Exhibit 99.1

				Contact: Pete De Spain Sr. Director, Investor Relations & Corporate Communications (858) 792-3729 pdespain@meipharma.com

MEI PHARMA ADDS CANCER DRUG DEVELOPMENT VETERAN TOM REYNOLDS TO BOARD OF DIRECTORS

San Diego – February 11, 2013 – MEI Pharma, Inc. (Nasdaq: MEIP), an oncology company focused on the clinical development of novel therapies for cancer, announced today the appointment of Thomas C. Reynolds, M.D., Ph.D., to its Board of Directors. A biotechnology industry veteran, Dr. Reynolds joins the Board with more than 20 years of oncology drug development experience, including direct oversight in the development and approval of the hematologic cancer drug ADCETRIS^®.

“Dr.

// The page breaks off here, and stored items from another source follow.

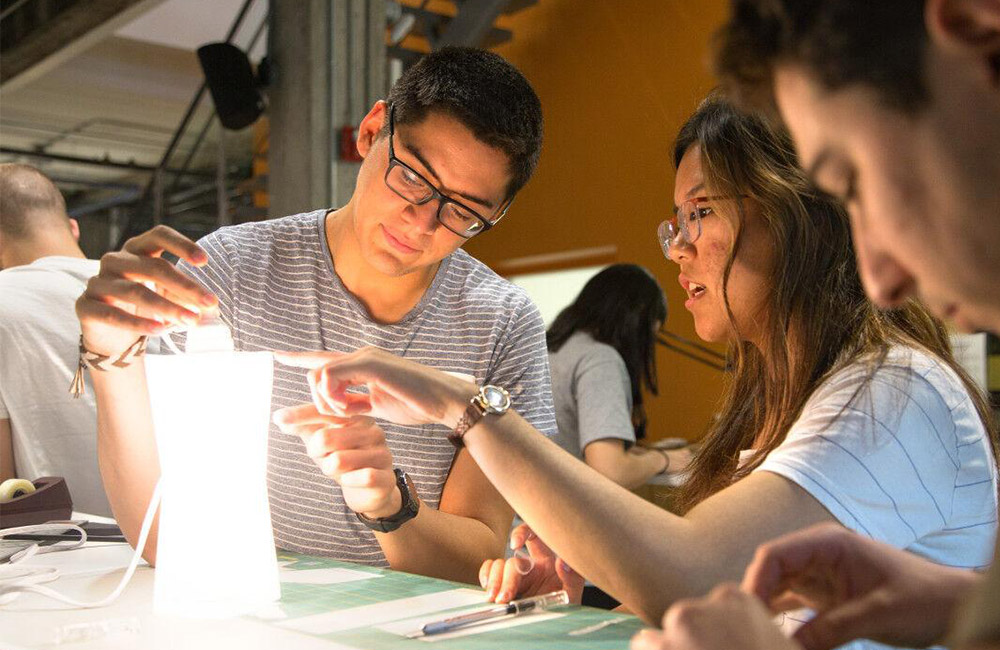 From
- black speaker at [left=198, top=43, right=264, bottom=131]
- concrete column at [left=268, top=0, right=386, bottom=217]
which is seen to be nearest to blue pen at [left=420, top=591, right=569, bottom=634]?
concrete column at [left=268, top=0, right=386, bottom=217]

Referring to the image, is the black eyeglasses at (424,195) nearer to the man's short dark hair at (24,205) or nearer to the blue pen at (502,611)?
the blue pen at (502,611)

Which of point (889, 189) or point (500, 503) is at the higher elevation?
point (889, 189)

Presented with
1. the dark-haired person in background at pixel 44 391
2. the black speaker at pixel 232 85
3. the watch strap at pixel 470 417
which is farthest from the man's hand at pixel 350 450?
the black speaker at pixel 232 85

Reynolds’ proven drug development expertise and valuable industry perspective make him a welcome addition to our Board,” said Daniel P. Gold, Ph.D., President and Chief Executive Officer of MEI Pharma. “His appointment is particularly timely as we prepare for the expansion of our clinical development program for Pracinostat in the months ahead.”

Dr. Reynolds served as Chief Medical Officer of Seattle Genetics from March 2007 until his retirement in February 2013. While at Seattle Genetics, he was responsible for building and leading an integrated clinical development, regulatory and medical affairs organization, highlighted by the development and approval of ADCETRIS^®, an antibody-drug conjugate approved to treat anaplastic large cell lymphoma and Hodgkin’s lymphoma.

Previously, Dr. Reynolds served at ZymoGenetics (acquired by Bristol-Myers Squibb in 2010), most recently as Vice President, Medical Affairs, where he oversaw the clinical development and regulatory filing of RECOTHROM^®. Prior to joining ZymoGenetics, he was Vice President, Clinical Affairs at Targeted Genetics. Dr. Reynolds received his M.D. and Ph.D. in Biophysics from Stanford University and a B.A. in Chemistry from Dartmouth College.

“I am delighted to join the Board of MEI Pharma at such an exciting time for the company,” said Dr. Reynolds. “I believe that MEI Pharma is poised to make an immediate impact in the oncology arena with its lead drug candidate, Pracinostat. I look forward to working closely with the rest of the Board and management team to execute the optimal clinical development and marketing approval strategy for Pracinostat and ultimately realize its significant potential.”

About MEI Pharma

MEI Pharma, Inc. (Nasdaq: MEIP) is a San Diego-based oncology company focused on the clinical development of novel therapies for cancer. The Company’s lead drug candidate is Pracinostat, a potential best-in-class, oral histone deacetylase (HDAC) inhibitor being developed for advanced hematologic malignancies such as myelodysplastic syndrome (MDS) and acute myeloid leukemia (AML). Results from a pilot Phase II clinical trial of Pracinostat in combination with azacitidine in patients with advanced MDS were presented at the American

Society of Hematology Annual Meeting in December 2012 showing an overall response rate (CR+CRi+PR) of 89% (eight out of nine). The Company plans to initiate a randomized, placebo-controlled Phase II trial of Pracinostat in combination with azacitidine in patients with MDS by June 2013. In addition, MEI Pharma is developing two drug candidates derived from its isoflavone-based technology platform, ME-143 and ME-344. For more information, go to www.meipharma.com.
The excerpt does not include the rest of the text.